Hello,  my husband’s father (born 1896) and now he, both have used a poem with their children and grandchildren called "Rumpity Bump".  Unfortunately I never wrote the words down and recently my husband suffered a stroke which left him with speech aphasia.  All the children, grands and nephews and nieces want the words.  Excuse my high school German, but it goes something like this (Grandpa sits with child tummy down across Grandpa’s knees):

Rumpity bump zum Kiefers Haus,
Der Kiefer (shouts) zum lauden raus
Welche finger steht (here, grandpa points a finger on child’s back and child has to guess, is it mittler, dauman, etc.  If he guesses wrong grandpa says:)
Nein!  Nichts…   (here we can’t remember. 
If child guesses correctly, he says:)
Ja! …

The delightful play/poem goes on as the inn keeper sets glasses, cuts with knife and fork (guess: gabel oder messer; schneiden or stecken;
the wine glasses are placed on the "table"or poured into the glasses, the child has to decide while grandpa tickles and cuts and sticks all over the child’s back. 
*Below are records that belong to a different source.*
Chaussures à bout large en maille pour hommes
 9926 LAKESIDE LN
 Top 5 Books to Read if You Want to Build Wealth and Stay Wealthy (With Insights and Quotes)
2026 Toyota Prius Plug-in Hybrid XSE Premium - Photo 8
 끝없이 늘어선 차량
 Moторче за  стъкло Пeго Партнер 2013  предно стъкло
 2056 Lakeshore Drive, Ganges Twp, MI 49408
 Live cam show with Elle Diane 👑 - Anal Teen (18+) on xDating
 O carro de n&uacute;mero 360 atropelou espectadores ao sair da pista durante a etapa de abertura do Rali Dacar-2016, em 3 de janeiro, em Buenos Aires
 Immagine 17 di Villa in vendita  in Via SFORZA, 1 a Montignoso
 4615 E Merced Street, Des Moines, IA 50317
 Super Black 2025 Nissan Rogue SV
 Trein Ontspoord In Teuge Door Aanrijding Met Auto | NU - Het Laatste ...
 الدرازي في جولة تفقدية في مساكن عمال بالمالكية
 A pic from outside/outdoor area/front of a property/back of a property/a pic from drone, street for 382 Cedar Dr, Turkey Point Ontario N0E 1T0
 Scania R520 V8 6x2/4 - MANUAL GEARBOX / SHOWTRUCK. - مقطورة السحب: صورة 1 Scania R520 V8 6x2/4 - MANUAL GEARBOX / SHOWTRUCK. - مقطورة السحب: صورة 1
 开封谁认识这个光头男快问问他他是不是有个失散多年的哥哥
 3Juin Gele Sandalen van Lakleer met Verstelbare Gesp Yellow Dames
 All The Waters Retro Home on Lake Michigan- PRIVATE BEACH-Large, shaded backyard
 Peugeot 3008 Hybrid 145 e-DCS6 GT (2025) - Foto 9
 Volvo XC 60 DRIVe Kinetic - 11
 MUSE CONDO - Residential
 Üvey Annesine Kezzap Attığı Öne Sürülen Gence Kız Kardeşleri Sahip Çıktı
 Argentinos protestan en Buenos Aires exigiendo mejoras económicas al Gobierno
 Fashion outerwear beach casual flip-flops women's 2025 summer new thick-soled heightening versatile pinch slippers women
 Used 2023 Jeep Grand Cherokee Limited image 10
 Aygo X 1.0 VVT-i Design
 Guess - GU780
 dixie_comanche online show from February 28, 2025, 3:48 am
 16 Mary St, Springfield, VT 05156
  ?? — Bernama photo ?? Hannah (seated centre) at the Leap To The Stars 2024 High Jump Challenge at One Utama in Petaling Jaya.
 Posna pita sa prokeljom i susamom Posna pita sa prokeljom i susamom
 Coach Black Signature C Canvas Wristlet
Finally the guests leave in a sleigh "kuche fahren oder  lagen fahren "  to which the sleigh ride is "schneiden" and the farm buggy is "rumpity bump"  and the child giggles to fist rolls or hand slides on the back. 

All the grands LOVED this with their Papa, but none of us can remember it all.  Hope you can make out my lousy German and maybe help us.

Deborah Haar

If anyone can help with the original German version of this rhyme and/or with an English translation, please comment below.


Mama Lisa

This article was posted on Saturday, November 19th, 2011 at 7:52 pm and is filed under Children's Songs, Countries & Cultures, German, German Children's Songs, German Nursery Rhymes, Germany, Languages, Nursery Rhymes, Poems, Poetry, Readers Questions. You can follow any responses to this entry through the RSS 2.0 feed. You can skip to the end and leave a response. Pinging is currently not allowed.

7 Responses to “Can Anyone Help with a German Kids Rhyme that Sounds Like Bumpity Bump?”

  1. Charlie Says:

    I’m German but unfortunately I’ve never heard of this rhyme. I’ve tried googling different parts of it (with the correct German spelling) but didn’t get any results.

    I can only help you with a few of the words:

    rumpity bump = Rumpeldipump (also sometimes spelled as separate words Rumpel di pump)

    “shouts zum lauden raus” = Probably “schaut zum Laden raus” (= is looking out of the window)

    welche finger = should be “welcher”, with an r at the end (if it’s just one finger that the child is supposed to guess)

    Sorry I can’t help you with anything else :-(

    You might want to comb some German websites for rhymes and look for words like “Kinderreime”, “Fingerspiele” oder “Kniereiter” (they’re all different kinds of childrens rhymes).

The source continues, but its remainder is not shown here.